On appeal from the Superior Court of New Jersey, Chancery Division, Probate Part, Ocean County, Docket No. C-158656.

Per curiam.


Argued March 17, 2010

Before Judges Axelrad, Fisher and Espinosa.

The estate's sole beneficiary, Anthony J. Napoleon, Jr. (Anthony), moved for leave to appeal an order that compelled the sale of a condominium unit owned by the estate; the order was intended to provide the illiquid estate with funds to address various obligations. We granted leave to appeal and consolidated the matter with an appeal filed by a former co-administrator seeking review of orders that enjoined disbursements and imposed sanctions. We affirm the orders regarding the sale of the condominium unit and affirm in part and reverse in part the orders concerning the injunction.
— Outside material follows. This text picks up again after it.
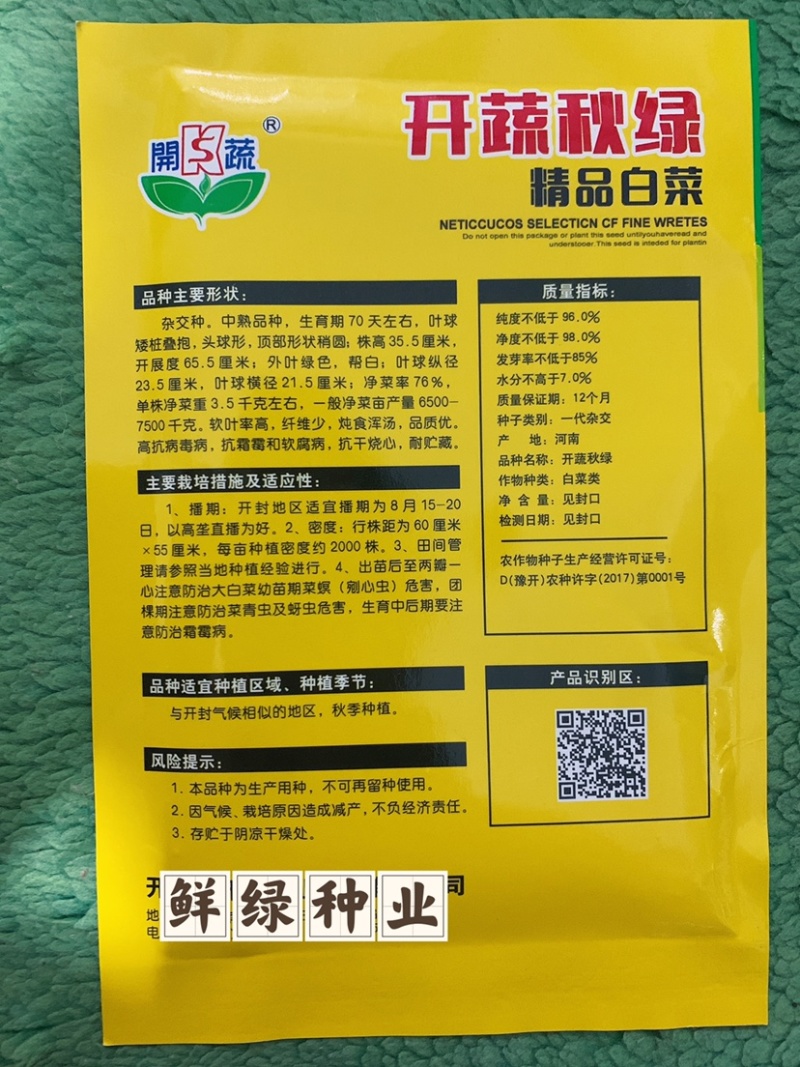 东京大白菜系列：开蔬秋绿。中熟品种，生育期70天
Anthony J. Napoleon (decedent) was murdered, along with Josephine O'Brien, at their home in Toms River on May 7, 2004. Decedent's Last Will and Testament left certain specific real estate and property interests to Josephine. Because Josephine was murdered at the same time, bequests made to her became part of the remainder, and that remainder, which decedent directed be placed in a credit-shelter trust, likely passed equally to Josephine's son, Peter O'Brien (O'Brien), and Anthony. O'Brien, however, was charged with the murder of both his mother and decedent, and later waived his interest in decedent's estate.*fn1

See, e.g., N.J. Div. of Youth & Family Servs. v. M.W., 398 N.J. Super. 266, 298 (App. Div. 2008); Estate of Kalfas v. Kalfas, 81 N.J. Super. 435, 437-39 (Ch. Div. 1963). As a result, Anthony became the sole beneficiary of the estate.
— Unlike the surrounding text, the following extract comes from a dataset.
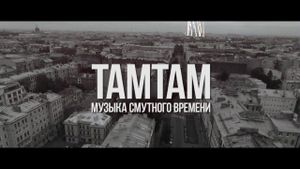 TaMtAm - Music of the time of troubles's poster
The record reveals that the estate's administration has been fraught with inconstancy. William Moscatello, Esq., who was named in the Will as executor, qualified and held that position for a while. However, he successfully petitioned for relief from that position on February 18, 2005. The judge handling the matter at the time replaced the executor with James J. Curry, Jr., Esq., over Anthony's objection; that appointment was followed by conflicts between Curry and Anthony.

In April 2006, Curry agreed to step aside in favor of Anthony, but the judge insisted an attorney act with Anthony and, as a result, on May 25, 2006, appointed Ronald P. Colicchio, Esq., and Anthony as co-administrators. Curry, however, with the consent of the substitute co-administrators, continued to represent the estate in other suits then and still pending.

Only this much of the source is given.